Born free.... Galapagos style (e.g. reptiles, not lions)

The Galapagos National Park is releasing over 1,000 land iguanas onto Santiago Island these days.  Land iguanas used to thrive here, until people brought over some pigs in the 1800's.  The pigs thrived and liked to eat iguana, giant tortoise and sea turtle eggs - they were experts at finding them.   From the 1970's on-wards, the National Park Service sent hunters to this otherwise uninhabited island to shoot pigs.  They would shoot hundreds and hundreds of them every year, but pigs being pigs, they would reproduce vigorously, negating all the efforts of the National Park Service.   As a result, the island had no more iguanas, and only had very old giant tortoises lumbering about.  

When I started working in Galapagos in 1998, we adopted a new approach to pig eradication.   We used new GPS technology, and systematic poison baiting to ensure that every square meter of this 35,000 hectare island (nearly 100,000 acres) became vulnerable to the Park's efforts.   By the early 2000's, pigs had finally been eradicated.  We monitored the entire island for any trace of pigs for 18 months - and found none.  It was a huge conservation milestone.  Giant tortoises eggs would finally be allowed to hatch, and baby giant tortoises could reach adulthood for the first time in over 100 years.  

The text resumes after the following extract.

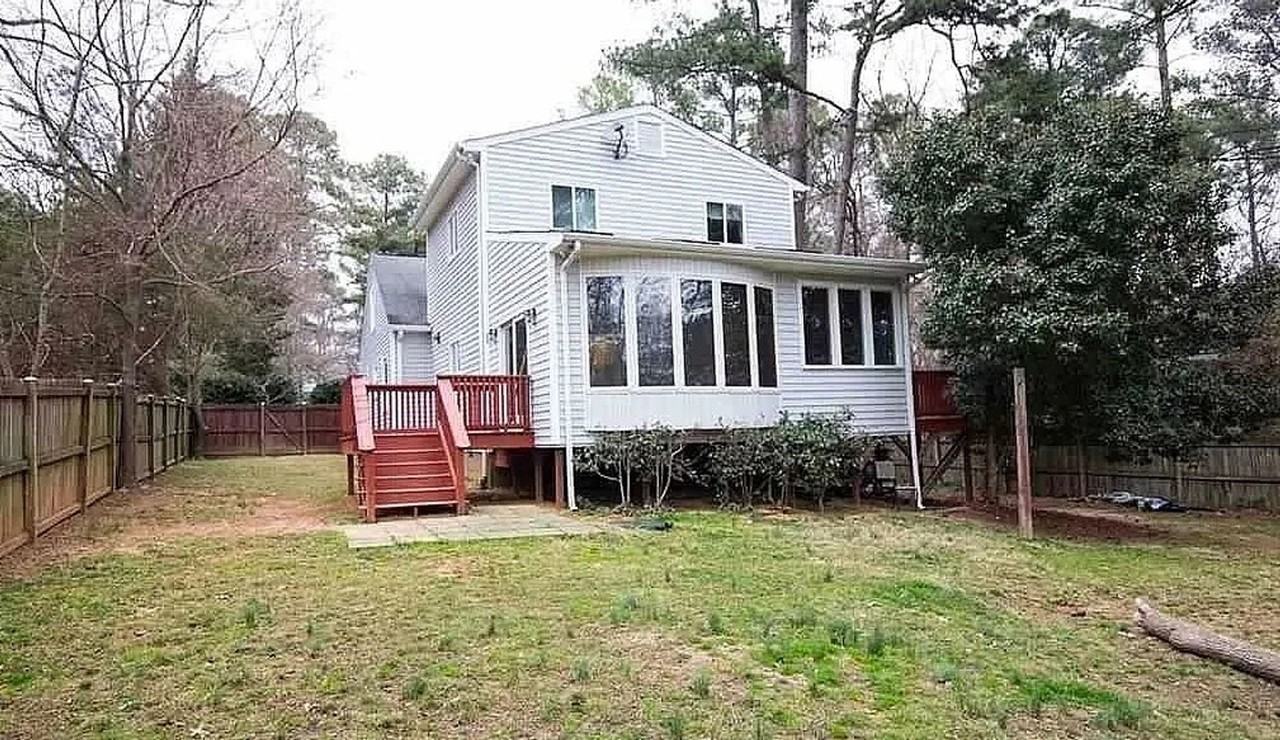 131 Justice St - Photo 2 of 9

It's another major milestone to have the Park Service re-introduce land iguanas to Santiago.   They are sourcing them from North Seymour island - which in itself is a great news story.  The North Seymour land iguanas were the last holdouts following their decimation on South Seymour (a.k.a. Baltra island, site of a US naval / air base in the 2nd world war and where the main Galapagos airport is located today).   With the Charles Darwin Research Station, the Park Service has set up a very successful breeding program - good enough to start sending some of the new iguana generations to Santiago island.